Mensen realiseren zich niet dat God hen een Geest heeft gegeven zoals die van God – een diepere Geest, een Geest die niet gecorrumpeerd is door de wereld. Ze denken dat Gods Geest net zo is als hun persoonlijke geest, alleen groter en krachtiger. Hier ontstaan de noties van een jaloerse God, een boze God, een wraakzuchtige God in de verbeelding van mensen. Dat komt omdat ze hun eigen neigingen en hun eigen hachelijke situatie op God projecteren.

Als God almachtig is, hoe kan God dan onzeker zijn? Als God weet welke fouten je gaat maken, waarom zou God je dan straffen voor het maken van die fouten? Als God weet dat zonder Kennis je geest verward en verloren zou zijn in de wereld, waarom zou God je daar dan voor straffen? Dat zou hetzelfde zijn als een baby straffen omdat hij huilt, of een kind straffen omdat het kinderachtig is.

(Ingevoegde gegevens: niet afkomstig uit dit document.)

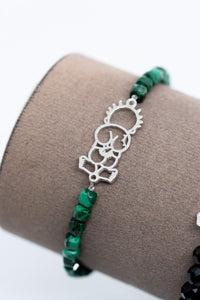 Handala Silver Bracelet - Stone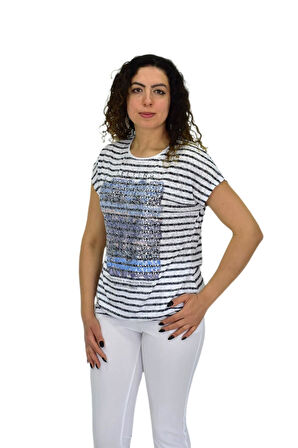 Kadın Kısa Kol Baskılı Bluz BGL-ST04696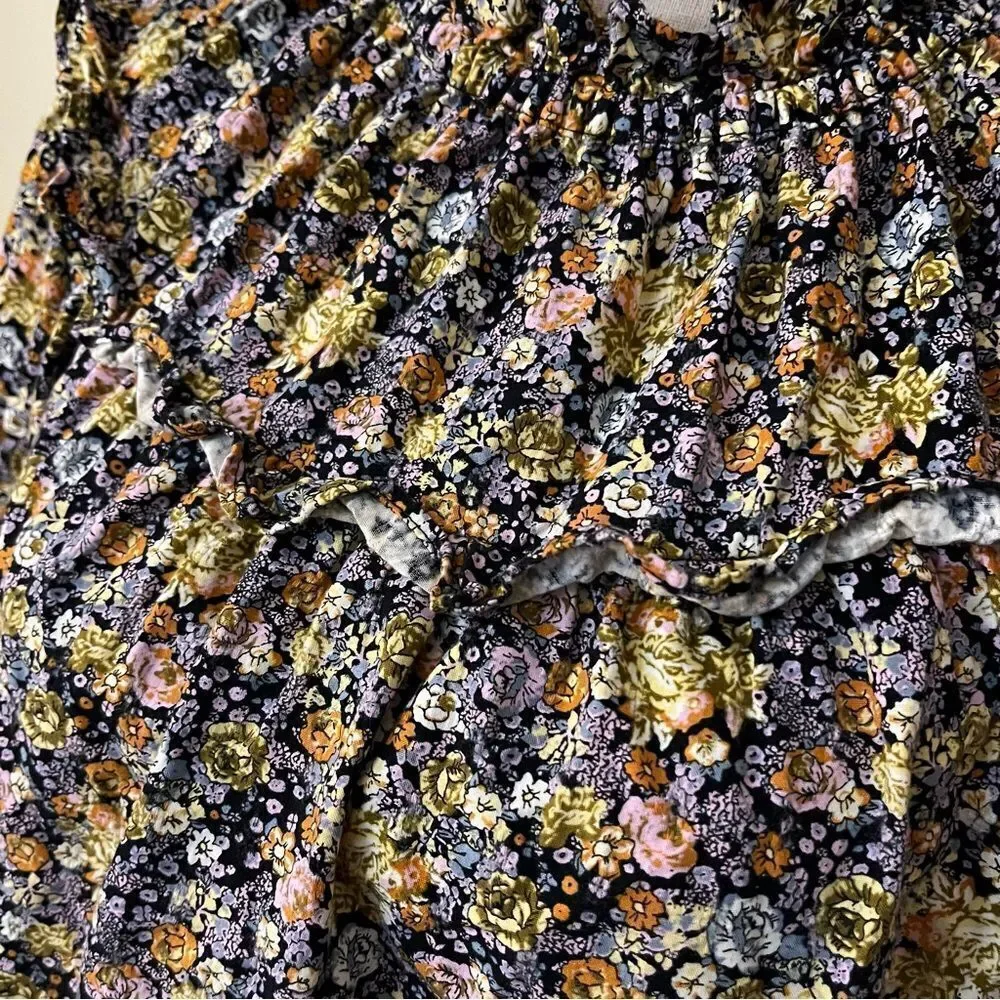 Mock neck floral loose‎ fit long sleeve blouse - Picture 4 of 13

Dit is onwetend, en toch zijn deze ideeën heel gangbaar in de wereld, heel gangbaar onder bepaalde mensen in bepaalde instellingen die beweren de Goddelijke wil en het Goddelijke doel in de wereld te vertegenwoordigen.

God weet dat het fysieke bestaan moeilijk en problematisch is en dat mensen daarin bang, doodsbang en gedreven zullen zijn door de omstandigheden van het leven. Daarom heeft God Kennis in jou en in alle bewuste wezens geplaatst als een bron van begeleiding; als een bron van correctie, bescherming en inspiratie.

God heeft het perfecte tegengif en de perfecte correctie voor dwaling geschapen. God verwacht hier geen perfectie van jou, alleen een grotere dienstbaarheid aan het welzijn van anderen en aan het welzijn en behoud van de wereld.